Anyway, on to three spots where I highly recommend that you *do* go have a look-see.

New to the National Gallery (UK)

Juan de Zurbarán (1620-1649) is a Spanish Golden Age artist whose work is both rare and not very well-known. The son of the more famous painter Francisco de Zurbarán (1598 – 1664), Juan died relatively young during a plague epidemic in Seville, and it’s only within the last several decades that his own work has begun to emerge from the long shadow of his father. With the help of the American Friends of the National Gallery, London, that museum recently acquired a still life by Juan, “Still Life with Lemons in a Wicker Basket” (c.1643-1649), which had been in a private collection in Madrid for generations. I highly recommend watching this lecture from Letizia Treves, Curator of Later Italian, Spanish, and French 17th-century Paintings at the National Gallery, discussing the artist, his career, and this work, since not only is it obvious that Ms.
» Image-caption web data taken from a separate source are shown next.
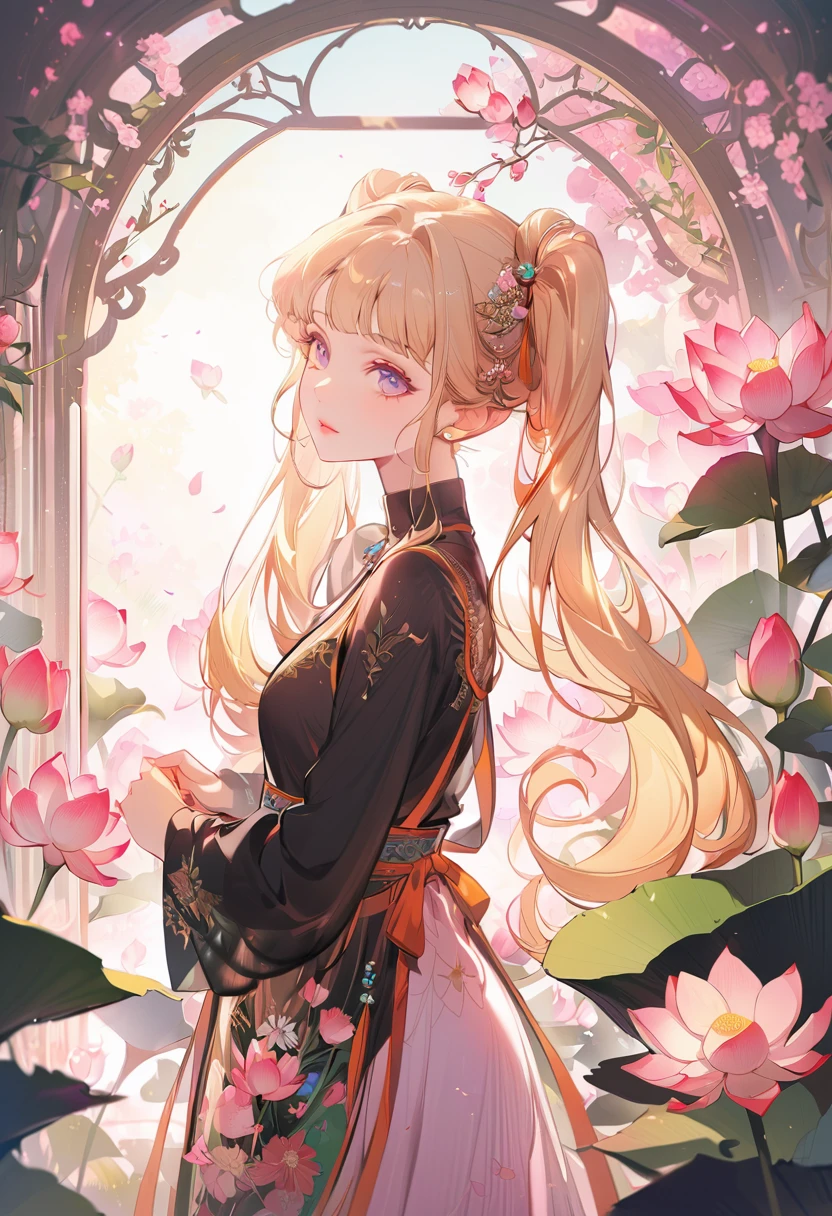 Poster,(a lot:1.2),((Art Deco,Botanical Art,Flower Art)),(Floral:1.2),Lotus flower, (masterpiece, Highest quality),(Vibrant colors,colorful),(Amazing details,Detailed Background),Anatomically correct,Accurate drawing,Detail View,Sense of luxury, Beautiful girl with perfect face,very_Long eyelashes, Detailed lips, Cool look, Soft Skin, ,Vibrant Background, Natural light,The cutest girl in the world,Exquisite makeup,Long blonde hair with pink mesh at the ends, Twin tails, The maid uniform is black, I have a gun in my hand,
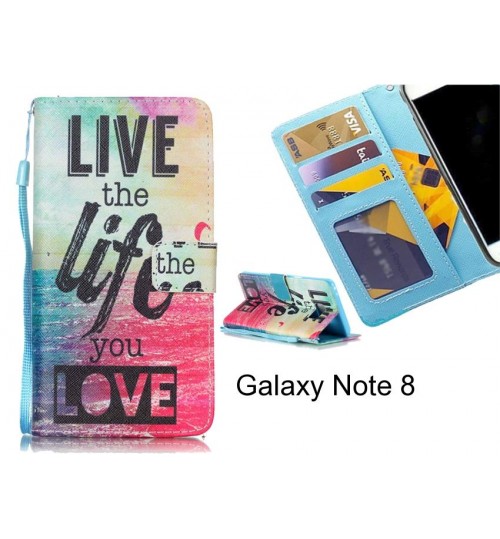 Galaxy Note 8 case 3 card leather wallet case printed ID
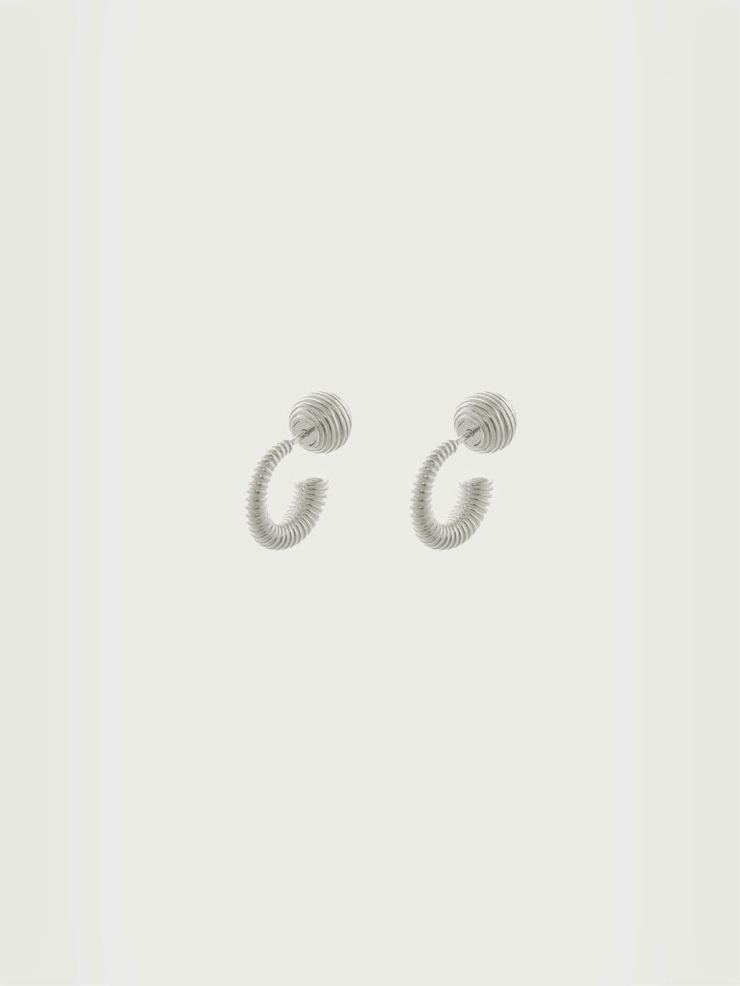 Silver Textured Small C Earrings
Treves know her subject very well indeed, but her presentation is clear, full of interesting slides, and I for one learned a great deal from it, even with my having specialized in this period of art when I was in grad school. And of course, it goes without saying that the painting is worth seeing should you find yourself in London this summer.

Juan

Nip in to Newark

As your summer travel plans evolve, remember to keep the Newark Museum in mind, if you happen to find yourself in the New York/New Jersey/Philly area over the next month. Their excellent exhibition “The Rockies and the Alps”, which I reviewed for The Federalist back when it opened, runs through August 19th. Not only does it have plenty of beautiful paintings, alongside sculptures, drawings, and photographs showing what American and European artists were looking at and depicting in the mountain landscapes they visited with increasing frequency in the 19th century, but there are also interactive aspects of the show for the kiddos, and the Newark Museum itself is a revelation: you can easily spend an entire day there with the rugrats and find plenty of things to do. [N.B. I can also recommend the excellent Deluxe Diner, just around the corner, as a lunch spot.]

Newark

Young Leonardo at Yale

A bit further up the coast, Yale recently opened its latest exhibition “Leonardo: Discoveries from Verrocchio’s Studio”, which looks to be both extremely interesting and somewhat controversial. The interest comes from the fact that the world will be marking the 500th anniversary of the death of Leonardo da Vinci next year, and there will be a slew of exhibitions around the world acknowledging his importance, of which this is the first. The controversy comes from a desire, at least on the part of some museums and experts, to attribute anything that has even a tangential connection to Leonardo as therefore being by him, particularly in the light of the media spectacle surrounding the sale of the “Salvator Mundi” (which I suppose I contributed to. in my small way.)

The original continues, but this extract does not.